Review: Middle School: The Worst Years of My Life
Middle School: The Worst Years of My Life is more than just a slightly unwieldy title, it’s a film that is about more (or perhaps less) than it appears.
It’s billed as a family-friendly film, and as such, tonally, it veers a little bit too hard in each direction, perhaps dealing with subjects that may be a little too difficult for younger members of the audience, and yet does not seem to strike the right balance to be a film for adults.
However, the film does get one aspect correct, and this is to focus on the proper way of conducting a rebellion, which is quite focused and also a mediation on dealing with a traumatic event, which the movie handles by offering a pretty surprising though subtle enough to work swerve.

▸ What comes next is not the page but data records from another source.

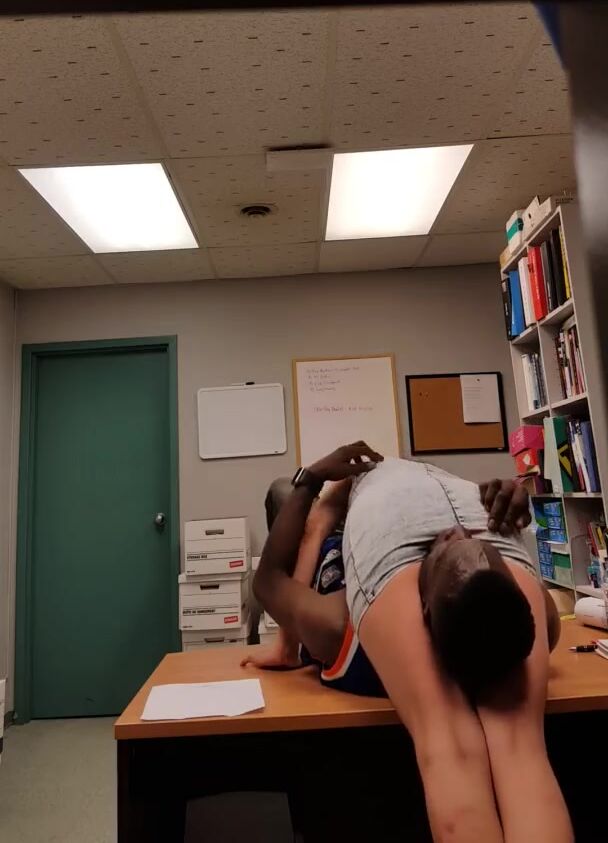 Sexy Reverse Headscissor Ko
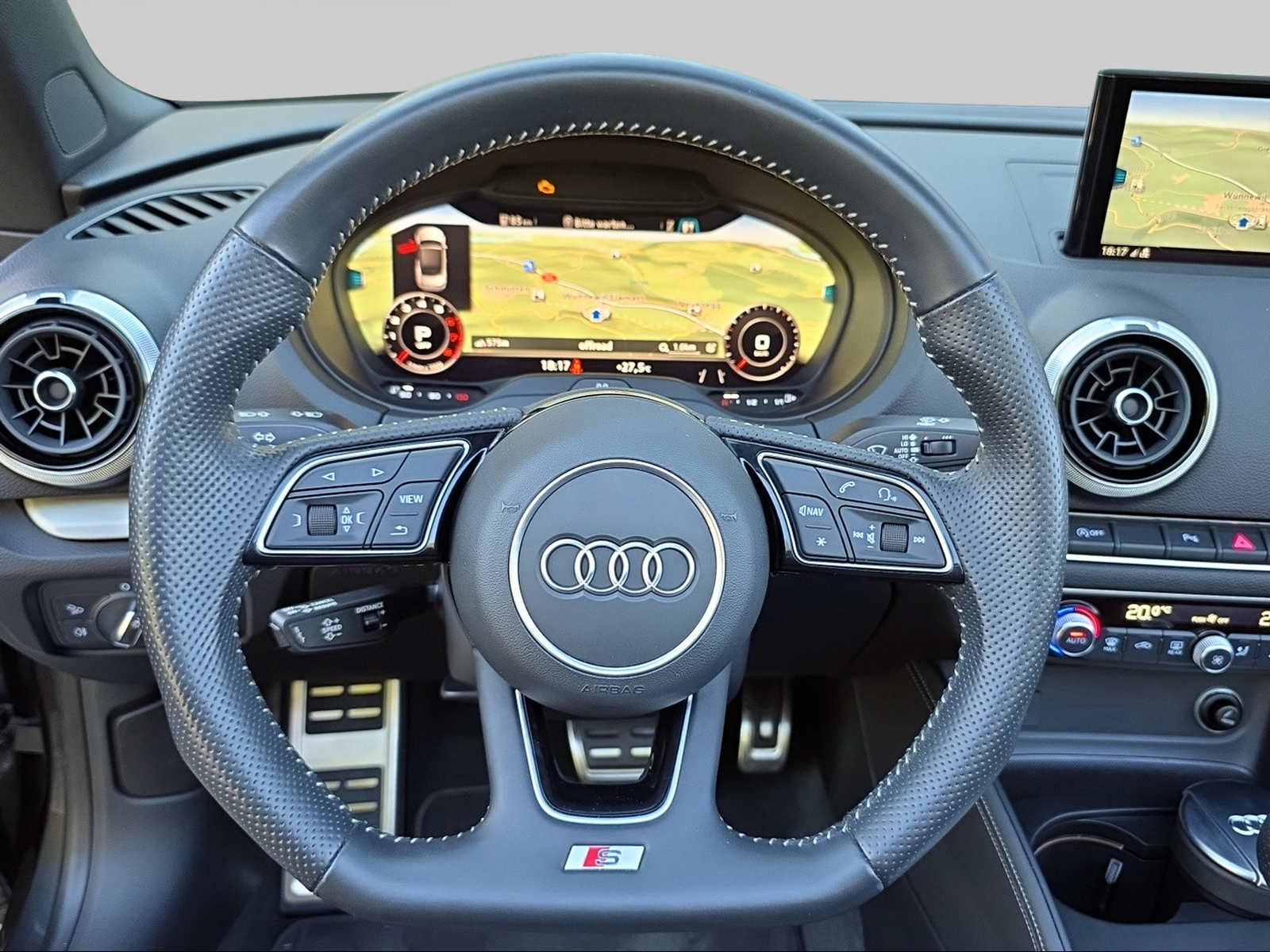 AUDI A3 Cabriolet 2.0 TFSI Sport quattro S-tronic-image-14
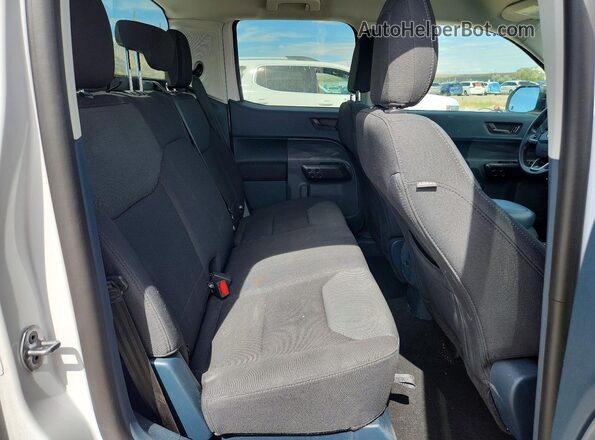 3FTTW8E37PRA06448 2023 FORD MAVERICK White Rear seats view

The film is about middle-schooler Rafe Khatchadorian, whose look does not seem to fit with background, (he’s played by (Griffin Gluck). He’s bounced out of two schools in the last year, before ending up at Hills Village Middle School (sounding very Back to the Future) and run by the ultra-authoritarian Principal Dwight (Andy Daly) and vice principal Ida Stricker (Retta). Why two very funny comedians are stuck playing unfunny roles is perhaps better left unspoken, while the cool teacher Mr. Teller (Adam Pally) is a better fit, (American audiences hopefully enjoying a bit about Free Trade using Drake and Future as much as Canadians). Pally’s Mr. Teller seems to be far more interesting than the sorely underused disciplanarians.
Rafe’s home life doesn’t seem much better either, as his mother Jules, a Sous-Chef (?) is in the company of Man-Bear Carl (Jules is played by Lauren Graham and Carl by Rob Riggle). The scenes at home feel like broad comedy delivered solely to illustrate how his mother needs to see beyond how boorish her new partner has become. In a sense, the entire film (based on a series of books by James Patterson and Chris Tebbetts) seems to be about letting go and confronting the past head on, which seems to work more effectively when not dealing with stock characterization and general clownishness. Rafe is given a girlfriend in waiting, Jeanne (Isabela Moner), who sadly isn’t given much to do besides being a junior environmentalist. She is also involved in some sort of sprinkler-induced fever dream at the school.
Even the animation scenes feel a little choppy, and one is left to wonder if director Steve Carr can rein it all in. Despite the critiques, there are a few cute scenes, some well meaning ones, and a feeling that the true heart of the film is languishing in the middle.